In connection with the Annual Report of Universal Health Services, Inc. (the “Company”) on Form 10-K/A for the year ended December 31, 2010, as filed with the Securities and Exchange Commission on the date hereof (the “Report”), I, Alan B. Miller, Chief Executive Officer of the Company, certify, pursuant to 18 U.S.C. § 1350, as adopted pursuant to § 906 of the Sarbanes-Oxley Act of 2002, and to the best of my knowledge, that:

(1) The Report fully complies with the requirements of Section 13(a) or 15(d) of the Securities Exchange Act of 1934; and

(2) The information contained in the Report fairly presents, in all material respects, the financial condition and results of operations of the Company at the end of, and for the period covered by, the Report.

/s/     ALAN B. MILLER

Chief Executive Officer

September 8, 2011

A signed original of this written statement required by Section 906 has been provided to Universal Health Services, Inc. and will be retained and furnished to the Securities and Exchange Commission or its staff upon request.

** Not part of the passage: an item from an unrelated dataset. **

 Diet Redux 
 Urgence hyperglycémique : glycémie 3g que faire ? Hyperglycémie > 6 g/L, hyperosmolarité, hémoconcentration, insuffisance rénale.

Section 906 CFO Certification

EXHIBIT 32.2

CERTIFICATION PURSUANT TO

18 U.S.C. SECTION 1350,

AS ADOPTED PURSUANT TO

SECTION 906 OF THE SARBANES-OXLEY ACT OF 2002

In connection with the Annual Report of Universal Health Services, Inc. (the “Company”) on Form 10-K/A for the year ended December 31, 2010, as filed with the Securities and Exchange Commission on the date hereof (the “Report”), I, Steve Filton, Senior Vice President and Chief Financial Officer of the Company, certify, pursuant to 18 U.S.C. § 1350, as adopted pursuant to § 906 of the Sarbanes-Oxley Act of 2002, and to the best of my knowledge, that:

(1) The Report fully complies with the requirements of Section 13(a) or 15(d) of the Securities Exchange Act of 1934; and

(2) The information contained in the Report fairly presents, in all material respects, the financial condition and results of operations of the Company at the end of, and for the period covered by, the Report.

/s/     STEVE FILTON

Senior Vice President and Chief Financial Officer

September 8, 2011

A signed original of this written statement required by Section 906 has been provided to Universal Health Services, Inc. and will be retained and furnished to the Securities and Exchange Commission or its staff upon request.